> _SUPPLIED DATA_:
⟨
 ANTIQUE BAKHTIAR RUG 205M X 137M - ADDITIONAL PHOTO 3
⟩
⟨
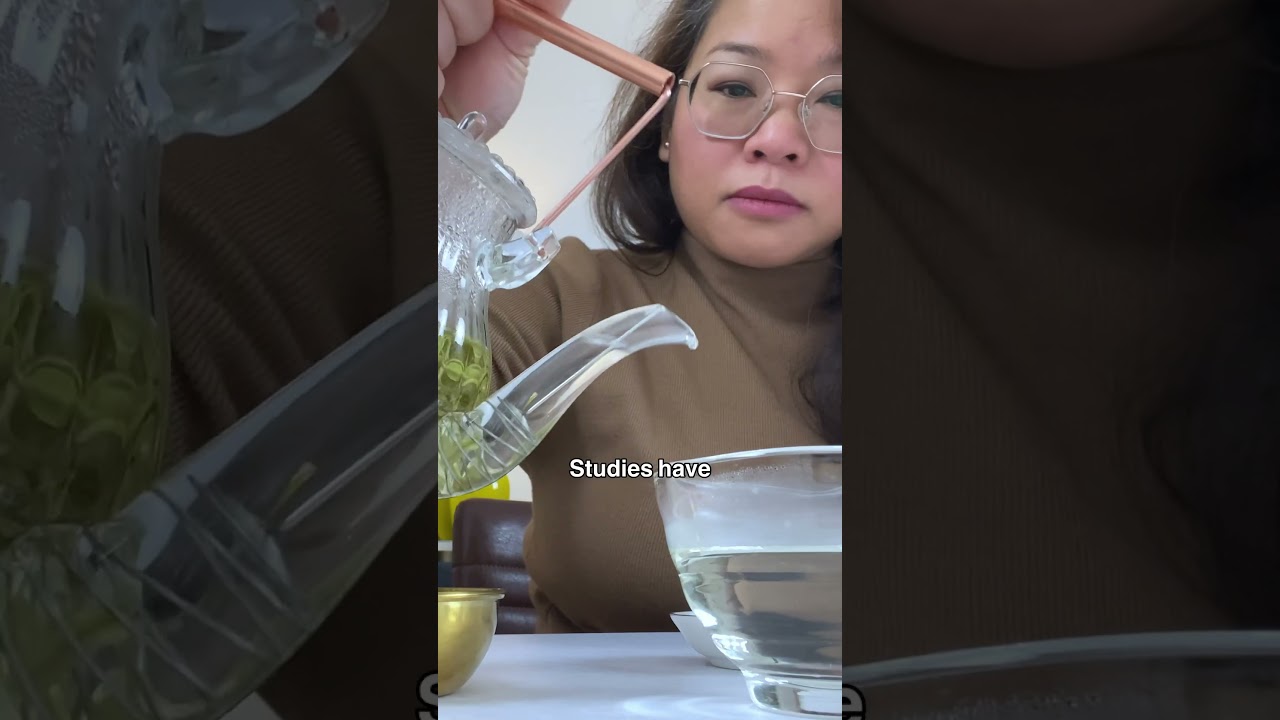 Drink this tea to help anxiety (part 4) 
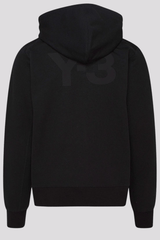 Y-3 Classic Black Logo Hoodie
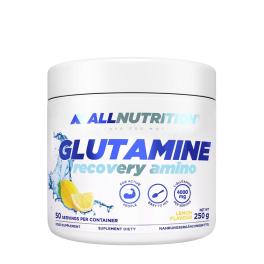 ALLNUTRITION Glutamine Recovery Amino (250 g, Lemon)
⟩
> _TASK PROMPT_:
Reproduce the lines above starting at the one with "Drink this tea to help anxiety (part 4)" and ending at the one with "ALLNUTRITION Glutamine Recovery", both included, exactly and with no pictures.

> _WRITTEN SOLUTION_:
 Drink this tea to help anxiety (part 4) 
 Y-3 Classic Black Logo Hoodie
 ALLNUTRITION Glutamine Recovery Amino (250 g, Lemon)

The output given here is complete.